優しい笑顔で頷いたフラメルが厨房へ入ると、一分もしないうちにフレンチトーストとココアが乗せられたトレイを運んできた。フラメルはサブ職業であるファーマーの料理スキルを用いるため、料理が出来るのにはそう時間はかからない。ちなみにその他の職業のプレイヤーが、エタニティオンラインにて料理を行うと、料理スキルがないために物理的に料理を行う必要があり、必然的に現実と同じだけの時間がかかってしまう。その場合HP回復効果もないため、あくまでおまけ要素であると運営側からも明示されている。
「さあ、熱いうちに召し上がれ」
「はい、いただきます」
卵によって黄色く輝く食パンの上にはいくつかのフルーツが盛られ、彩りを意識した料理となっていた。一口食べると、糖類の味付けとフルーツの酸味が絶妙にマッチして、アキを味覚を十二分に刺激した。
「美味しい……!」
「ふふ、良かった。お世辞でも嬉しいです」
「お世辞なんかじゃないですって。エタオンにログインしてから数十分ごとに、ゲーム内で何か料理を食べないとHPが少しずつ減っていくという設定上、適当な料理を選びがちになってしまうんです。だから、こういう丁寧な料理を作る人には感謝していますよ」
「それなら毎日来てくだされば、もっと贔屓にしますのに」
「い、今のままで十分贔屓にしてもらってますから……。ははは……」
アキは背後や真横から浴びる視線を身体中に感じていた。その視線の意味を、察しの良いフラメルも気づいていることを、アキは知っている。それを承知の上でそういった話題を振ることに、疑問しか浮かばなかった。

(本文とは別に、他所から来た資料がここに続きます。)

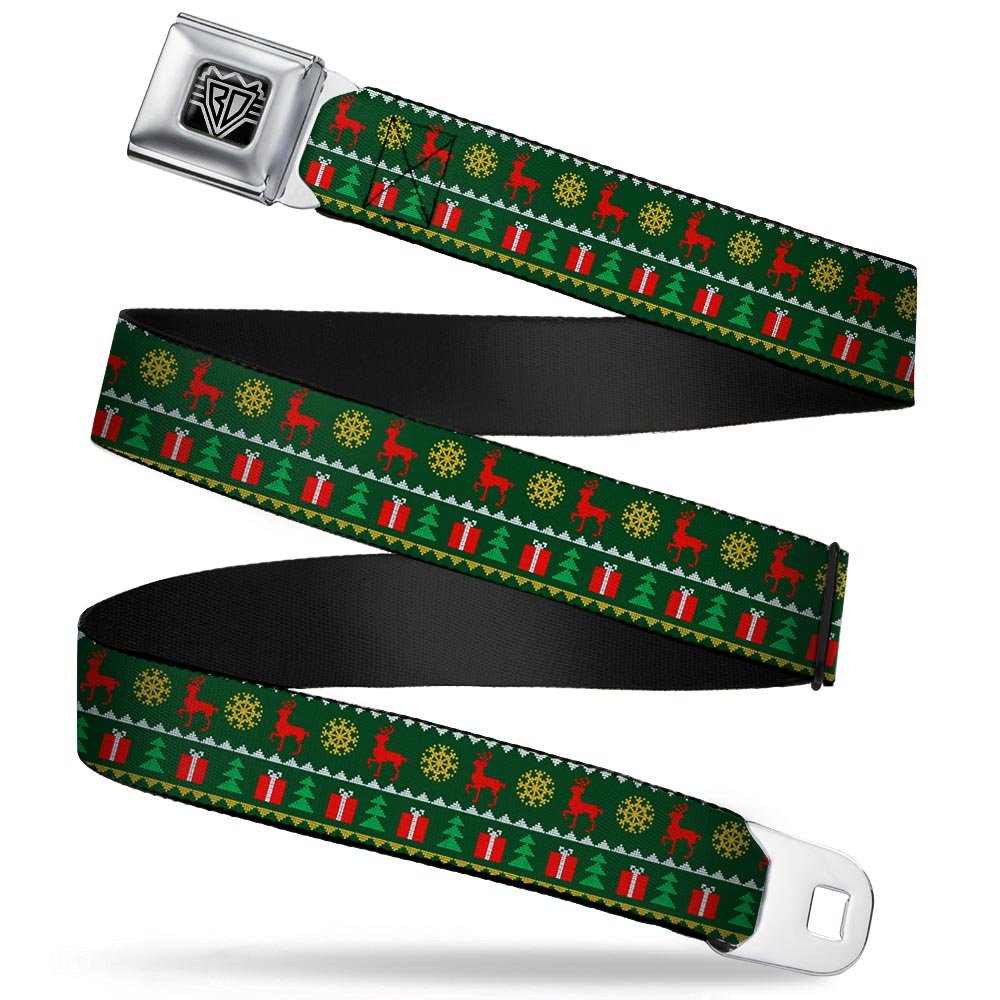 Buckle-Down Seatbelt Belt Christmas Regular Accessory, Christmas Sweater Stitch Green/White/Gold/Red, 1.5" Wide - 24-38 Inches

そんな些細なことを考えつつアキがココアの入ったマグカップを手に持ち、それを口につけようとしたところで、隣に座っていた男がアキの肩に手を置いた。
「おいガキンチョ。お前が誰だか知らねえが、フラメルちゃんとイチャついてんじゃねぇよ」
肩を掴んできた相手を確認すると、そこそこに見られる顔で、体育会系の短髪の男だった。がっしりとした銀色の鎧に、背中に担いでいる大剣。それは間違いなくファイターであることを示していた。アキはその全身の装備が、全てクエストの報酬であることを知っていた。腕はそこそこ立つようであった。
「喧嘩するなら、せめてここでない場所にするべきだろ。俺だけなら未だしも、ここじゃあフラメルさんにも迷惑がかかる」
「チッ、それにゃ一理ある」
「アキさん……」
二人が睨み合いながら立ち上がったところで、突然、体が揺さぶられるような感覚がした。何かされたかと周囲を見回すが、皆も同様の反応を示していた。目の前のフラメルや短髪の男も、驚きを隠し切れていない様子だ。
なんだ今の……。空間自体が振動したような、そんな感覚だった。
「フラメルさん……!」
「アキさん、今のは一体……。バグ、でしょうか」
「にしてもバグっぽくはない……。なんだったんだ」
そのとき、喫茶店の中の客が声を震わせながら立ち上がった。宙をスライドさせながら見つめていることから、恐らくメニュー画面を開いているのだろう。アキや、フラメル、他のプレイヤー達もその男に注目した。